Real time: depends on your computing platform. If this is a small micro (like AVR, Microchip PIC,..) you'll need an efficient algorithm. This is likely a IIR band pass filter. The equivalent of a graphics equaliser consists of multiple band pass filters, all summed together. See http://en.wikipedia.org/wiki/Infinite_impulse_response
A more computing intensive algorithm uses FIR filters. In that case you can also control the phase of the filtered signal. http://en.wikipedia.org/wiki/Finite_impulse_response
If you find an algorithm (i.e. IIR), you'll need to calculate the coefficients. The algorithm is simple, calculating the coefficients is not.
I found a book matching your question: Audio digital signal processing in real time
I browsed through it; it seems to have the right answers.

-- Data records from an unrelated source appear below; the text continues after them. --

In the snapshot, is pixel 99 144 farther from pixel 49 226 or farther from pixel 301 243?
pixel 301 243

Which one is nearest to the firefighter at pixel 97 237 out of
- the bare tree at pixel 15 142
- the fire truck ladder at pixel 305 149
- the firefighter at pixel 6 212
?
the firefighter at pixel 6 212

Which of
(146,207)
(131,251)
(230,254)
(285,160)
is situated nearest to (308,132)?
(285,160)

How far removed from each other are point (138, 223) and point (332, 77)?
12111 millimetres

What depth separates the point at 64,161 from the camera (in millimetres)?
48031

I want to differentiate betwen the male n female voices in an audio file and seperate them.As an output I want the two voices seperated.Can u please help me out n can the coding be done in java or c++
This is potentially a very complicated question, and it is similar to writing your own speech recognition (or identification) algorithm.
You would start by converting the audio into the frequency domain, which is done using a Fast Fourier Transform.

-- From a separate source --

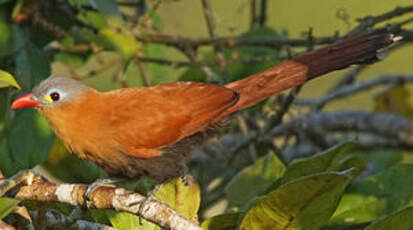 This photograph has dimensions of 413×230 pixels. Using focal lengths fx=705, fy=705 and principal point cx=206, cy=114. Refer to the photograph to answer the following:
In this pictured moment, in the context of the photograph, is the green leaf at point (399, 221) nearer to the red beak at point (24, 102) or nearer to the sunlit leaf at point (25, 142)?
the sunlit leaf at point (25, 142)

For each slice in time that you take an FFT, this will give you a list of frequencies and their amplitudes. You will somehow need to detect the fundamental tone by analysing the harmonics. The 2nd and 3rd harmonics will be clearest. It's very hard to figure out which harmonics they are, especially with the background noise and the natural difference between people's voices in terms of which harmonics are loudest. Then you can try to determine if the speaker is male or female by whatever you guessed the fundamental tone to be.
Keep in mind that during many parts of speech like sibilance ('s', 't', etc) there is no tone, just noise. It will need to be pretty intelligent.
Hope that sets you in the right general direction.
Note: if the two voices are simultaneous and you want to separate them cleanly, then this won't help you. I don't believe anyone alive has solved such a problem.
I think this is already possible. I just started taking an on-line course on Machine Learning by Stanford University with professor Andrew Ng, and during the first lecture he shows a demo where an audio recording of two overlapping voices is processed and the individual voices extracted (the same with music in the background and a person speaking). Apparently it uses an unsupervised learning algorithm that allows it to extract the two underlying patterns. You may want to look into that course (there's one version of the course here: http://www.academicearth.org/courses/machine-learning)
One such tool that makes this possible is LIUM spkdiarization. Written in Java and available under GPL, it is a speech recognition tool and uses statistical models for male, female and child. Luckily for you, the models are provided and you can use it without having to tag the recordings and train the models.
See the scripting page of the LIUM wiki for examples, search in page for "gender".
I would start by saying this is impossible. Speech recognition is really, really hard.
You're not clear in your question - are the voices overlapping? If so, splitting them up will be absurdly difficult.
If they are separate, your more likely bet is to have a large set of samples of male and female voices, and look for common characteristics (and a way to programmatically identify them). If the samples aren't recorded cleanly (if they have background noise), things get even more complicated.
You may get away with an average tone - male voices are generally deeper than female..
What you are asking is one hell of a task. thomasrutter wrote some "pointers" how to do it - but, i guess the algorithm would have to be really really robust if you would wish to use it everywhere (in all sorts of music (with singing of course)). Maybe it would be better/easier to start with separating (spliting) a single instrument sample from the song.